El Congreso de Estados Unidos dio un nuevo paso para endurecer la presión económica sobre Rusia e Irán. La iniciativa aprobada por los legisladores amplía las herramientas disponibles para que el presidente Trump pueda aplicar sanciones contra Moscú y también contempla la posibilidad de establecer aranceles de hasta el 100% a determinados países que continúen adquiriendo petróleo y gas ruso.
La Cámara de Representantes respaldó el proyecto conocido como “Ley Lindsey O. Graham de Sanciones a Rusia e Irán de 2026” con 262 votos a favor y 159 en contra. El Senado ya había aprobado la propuesta en agosto, por lo que el texto quedó a la espera de la firma de Trump para transformarse en ley.
El objetivo principal de la legislación es aumentar el costo económico para el gobierno de Vladimir Putin por la guerra en Ucrania. Entre las medidas previstas aparecen restricciones dirigidas a funcionarios y empresarios rusos, además de bancos, entidades financieras y organizaciones vinculadas con las áreas energética y militar. También podrían quedar alcanzados individuos y compañías extranjeras que colaboren con esos sectores o que participen en mecanismos destinados a evadir las sanciones impuestas por países occidentales.
Una de las disposiciones que genera mayor atención es la que permitiría a Trump establecer tarifas de hasta el 100% sobre bienes procedentes de los cinco principales compradores de petróleo o gas ruso. De aplicarse, la medida podría tener consecuencias especialmente relevantes para países como China e India, dos de los grandes destinos de los hidrocarburos provenientes de Rusia.
El proyecto también contempla acciones contra la llamada “flota fantasma” rusa.
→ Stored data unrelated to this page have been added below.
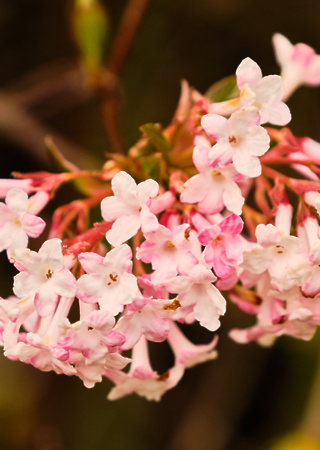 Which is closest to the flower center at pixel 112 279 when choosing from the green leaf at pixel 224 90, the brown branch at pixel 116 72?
the green leaf at pixel 224 90

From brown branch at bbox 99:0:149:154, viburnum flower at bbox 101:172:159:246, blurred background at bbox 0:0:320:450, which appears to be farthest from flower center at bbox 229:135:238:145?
blurred background at bbox 0:0:320:450

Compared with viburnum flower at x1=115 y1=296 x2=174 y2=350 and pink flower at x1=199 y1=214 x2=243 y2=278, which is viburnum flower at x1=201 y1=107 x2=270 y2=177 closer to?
pink flower at x1=199 y1=214 x2=243 y2=278

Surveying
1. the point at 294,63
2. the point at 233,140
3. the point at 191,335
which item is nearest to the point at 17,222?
the point at 233,140

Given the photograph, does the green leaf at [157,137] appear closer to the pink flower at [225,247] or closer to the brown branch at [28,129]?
the pink flower at [225,247]

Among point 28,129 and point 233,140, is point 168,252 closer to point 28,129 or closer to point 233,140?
point 233,140

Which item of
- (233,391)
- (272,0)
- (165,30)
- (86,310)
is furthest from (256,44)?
(86,310)

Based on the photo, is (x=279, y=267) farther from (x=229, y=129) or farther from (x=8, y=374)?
(x=8, y=374) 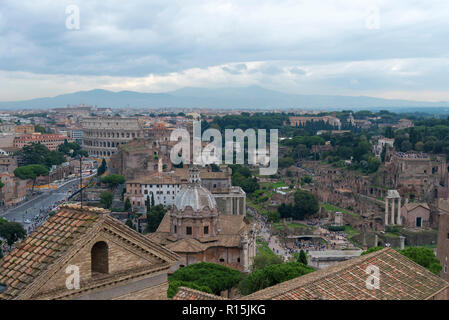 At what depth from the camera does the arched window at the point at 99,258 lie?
905 centimetres

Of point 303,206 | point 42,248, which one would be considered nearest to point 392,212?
point 303,206

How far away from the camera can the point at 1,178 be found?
Result: 49.8 m

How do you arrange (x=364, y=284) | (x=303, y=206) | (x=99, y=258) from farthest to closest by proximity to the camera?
(x=303, y=206) → (x=364, y=284) → (x=99, y=258)

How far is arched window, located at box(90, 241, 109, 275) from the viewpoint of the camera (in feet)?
29.7

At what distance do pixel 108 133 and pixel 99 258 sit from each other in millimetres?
78233

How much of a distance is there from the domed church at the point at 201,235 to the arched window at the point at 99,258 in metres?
19.9

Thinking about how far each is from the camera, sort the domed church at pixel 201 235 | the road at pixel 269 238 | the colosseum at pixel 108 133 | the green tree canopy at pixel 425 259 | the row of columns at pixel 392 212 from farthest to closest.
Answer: the colosseum at pixel 108 133, the row of columns at pixel 392 212, the road at pixel 269 238, the domed church at pixel 201 235, the green tree canopy at pixel 425 259

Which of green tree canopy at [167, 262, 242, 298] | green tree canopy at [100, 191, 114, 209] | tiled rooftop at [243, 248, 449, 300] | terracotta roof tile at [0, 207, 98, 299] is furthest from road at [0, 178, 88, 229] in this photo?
terracotta roof tile at [0, 207, 98, 299]

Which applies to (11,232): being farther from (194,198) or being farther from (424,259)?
(424,259)

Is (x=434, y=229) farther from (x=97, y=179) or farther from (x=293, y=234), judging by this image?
(x=97, y=179)

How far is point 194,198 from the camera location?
30.5 metres

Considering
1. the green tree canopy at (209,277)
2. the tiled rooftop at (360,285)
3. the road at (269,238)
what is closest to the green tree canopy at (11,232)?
the green tree canopy at (209,277)

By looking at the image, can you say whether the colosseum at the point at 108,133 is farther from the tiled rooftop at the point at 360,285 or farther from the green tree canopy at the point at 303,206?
the tiled rooftop at the point at 360,285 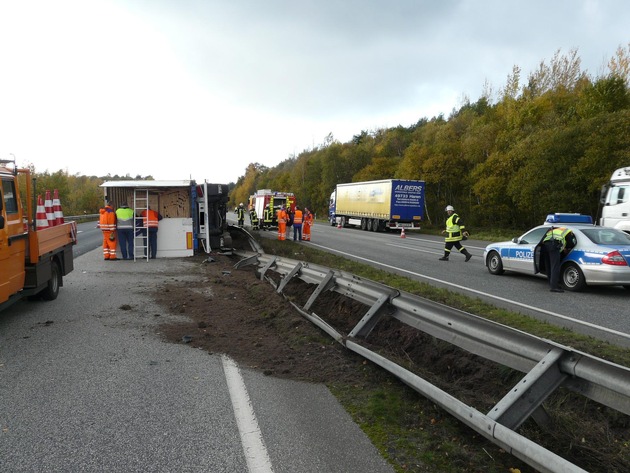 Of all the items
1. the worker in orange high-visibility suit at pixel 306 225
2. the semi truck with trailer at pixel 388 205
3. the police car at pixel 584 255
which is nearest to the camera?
the police car at pixel 584 255

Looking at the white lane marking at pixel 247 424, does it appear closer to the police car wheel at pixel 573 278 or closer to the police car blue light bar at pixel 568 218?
the police car wheel at pixel 573 278

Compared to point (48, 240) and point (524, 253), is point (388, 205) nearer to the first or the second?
point (524, 253)

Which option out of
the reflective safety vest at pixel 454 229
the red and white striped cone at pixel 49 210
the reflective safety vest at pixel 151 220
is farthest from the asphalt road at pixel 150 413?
the reflective safety vest at pixel 454 229

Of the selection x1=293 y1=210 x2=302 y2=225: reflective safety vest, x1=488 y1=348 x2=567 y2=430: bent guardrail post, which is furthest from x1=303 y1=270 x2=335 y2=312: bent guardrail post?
x1=293 y1=210 x2=302 y2=225: reflective safety vest

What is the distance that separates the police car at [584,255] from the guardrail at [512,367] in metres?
6.27

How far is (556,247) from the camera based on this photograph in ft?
33.1

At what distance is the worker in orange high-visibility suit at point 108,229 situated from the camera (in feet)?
46.8

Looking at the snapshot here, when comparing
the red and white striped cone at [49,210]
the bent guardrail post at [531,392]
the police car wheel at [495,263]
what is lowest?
the police car wheel at [495,263]

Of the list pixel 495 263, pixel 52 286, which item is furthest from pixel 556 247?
pixel 52 286

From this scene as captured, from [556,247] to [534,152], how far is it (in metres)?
18.5

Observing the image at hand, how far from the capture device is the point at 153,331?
6707 mm

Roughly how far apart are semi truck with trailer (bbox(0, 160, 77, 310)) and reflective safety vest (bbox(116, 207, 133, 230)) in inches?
221

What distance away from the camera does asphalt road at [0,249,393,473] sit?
3320mm

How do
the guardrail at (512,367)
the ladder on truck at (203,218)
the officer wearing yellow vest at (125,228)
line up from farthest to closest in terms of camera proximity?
the ladder on truck at (203,218), the officer wearing yellow vest at (125,228), the guardrail at (512,367) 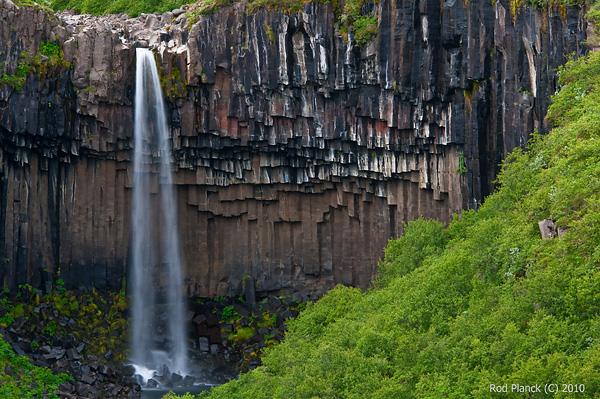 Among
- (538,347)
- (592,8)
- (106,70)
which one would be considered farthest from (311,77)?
(538,347)

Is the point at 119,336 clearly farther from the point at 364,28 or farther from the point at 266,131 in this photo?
the point at 364,28

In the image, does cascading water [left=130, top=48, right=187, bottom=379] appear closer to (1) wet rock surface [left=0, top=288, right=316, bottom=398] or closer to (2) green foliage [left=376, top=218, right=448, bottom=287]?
(1) wet rock surface [left=0, top=288, right=316, bottom=398]

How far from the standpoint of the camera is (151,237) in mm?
40344

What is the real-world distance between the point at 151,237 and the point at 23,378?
10524 millimetres

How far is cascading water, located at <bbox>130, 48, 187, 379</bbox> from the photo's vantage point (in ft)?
124

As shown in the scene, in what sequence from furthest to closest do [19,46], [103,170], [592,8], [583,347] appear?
[103,170] < [19,46] < [592,8] < [583,347]

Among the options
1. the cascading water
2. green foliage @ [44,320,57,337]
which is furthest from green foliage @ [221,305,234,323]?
green foliage @ [44,320,57,337]

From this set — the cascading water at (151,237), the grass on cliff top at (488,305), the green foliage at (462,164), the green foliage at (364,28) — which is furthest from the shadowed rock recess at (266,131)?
the grass on cliff top at (488,305)

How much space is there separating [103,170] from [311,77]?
10380 millimetres

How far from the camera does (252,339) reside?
3928 cm

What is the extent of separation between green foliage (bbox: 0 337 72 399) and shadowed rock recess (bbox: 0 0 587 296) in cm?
504

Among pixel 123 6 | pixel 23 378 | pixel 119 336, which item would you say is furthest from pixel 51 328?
pixel 123 6

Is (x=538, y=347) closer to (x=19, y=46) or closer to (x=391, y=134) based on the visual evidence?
(x=391, y=134)

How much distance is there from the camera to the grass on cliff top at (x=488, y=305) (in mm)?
20719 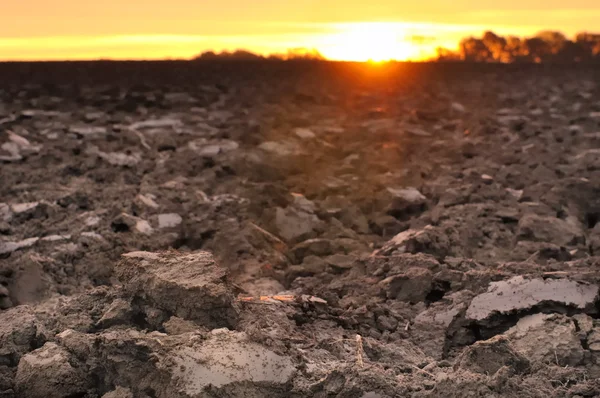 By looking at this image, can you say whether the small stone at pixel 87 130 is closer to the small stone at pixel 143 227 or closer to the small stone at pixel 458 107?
the small stone at pixel 143 227

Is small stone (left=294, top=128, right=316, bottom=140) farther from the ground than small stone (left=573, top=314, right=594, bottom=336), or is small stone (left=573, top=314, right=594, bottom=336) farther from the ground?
small stone (left=294, top=128, right=316, bottom=140)

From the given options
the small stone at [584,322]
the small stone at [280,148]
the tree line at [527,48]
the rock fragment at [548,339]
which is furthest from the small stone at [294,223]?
the tree line at [527,48]

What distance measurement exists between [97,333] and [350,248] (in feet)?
6.08

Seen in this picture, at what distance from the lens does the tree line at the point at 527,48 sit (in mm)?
30312

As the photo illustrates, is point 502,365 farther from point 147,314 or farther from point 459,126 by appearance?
point 459,126

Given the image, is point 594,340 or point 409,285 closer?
point 594,340

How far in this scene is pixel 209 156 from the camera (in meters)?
6.15

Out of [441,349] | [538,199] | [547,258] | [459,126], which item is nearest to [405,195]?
[538,199]

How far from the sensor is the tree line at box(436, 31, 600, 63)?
30.3 m

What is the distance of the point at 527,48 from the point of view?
109 feet

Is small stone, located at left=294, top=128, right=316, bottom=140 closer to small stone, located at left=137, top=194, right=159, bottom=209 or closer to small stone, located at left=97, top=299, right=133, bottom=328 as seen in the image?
small stone, located at left=137, top=194, right=159, bottom=209

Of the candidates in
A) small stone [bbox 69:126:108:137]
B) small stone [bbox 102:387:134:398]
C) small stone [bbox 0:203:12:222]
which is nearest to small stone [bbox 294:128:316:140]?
small stone [bbox 69:126:108:137]

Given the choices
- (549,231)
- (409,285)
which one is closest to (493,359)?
(409,285)

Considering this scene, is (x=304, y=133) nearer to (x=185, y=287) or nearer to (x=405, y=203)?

Se trata de una red de embarcaciones empleadas para trasladar petróleo y evitar algunas de las restricciones internacionales implementadas luego de la invasión rusa de Ucrania en 2022.
El acuerdo legislativo incluye, además, la continuidad de determinadas sanciones estadounidenses relacionadas con las industrias energética y militar de Irán. Esta parte fue incorporada durante las conversaciones mantenidas con la administración Trump con el propósito de impedir que expiraran las facultades que Washington ya tenía vigentes.
La iniciativa comenzó a tomar forma más de un año atrás a partir del trabajo del entonces senador republicano Lindsey Graham y del demócrata Richard Blumenthal. El texto atravesó extensas negociaciones entre legisladores y funcionarios de la Casa Blanca antes de alcanzar su versión definitiva. Graham falleció en julio, poco después de haber llegado a un entendimiento con la administración sobre el contenido final del proyecto.
La votación en la Cámara evidenció apoyo de legisladores de ambos partidos, aunque también expuso diferencias internas. Un total de 58 demócratas respaldaron la propuesta, mientras que siete republicanos se pronunciaron en contra. Entre los argumentos de quienes rechazaron el proyecto dentro del Partido Demócrata apareció la preocupación por el alcance de las facultades arancelarias otorgadas al presidente y por el posible impacto de esas medidas tanto en países aliados como en los consumidores de Estados Unidos.
Desde Ucrania también hubo respaldo a la iniciativa. El presidente Volodímir Zelenski había pedido previamente al Congreso estadounidense que avanzara con las sanciones, al sostener que una mayor presión económica podría limitar los recursos utilizados por Rusia para sostener su operación militar.
La Casa Blanca, por su parte, manifestó su apoyo al paquete legislativo. Ahora Trump deberá decidir si lo promulga mediante su firma, en un contexto en el que Washington busca incrementar la presión sobre Moscú mientras continúan los esfuerzos diplomáticos destinados a encontrar una solución negociada al conflicto ucraniano.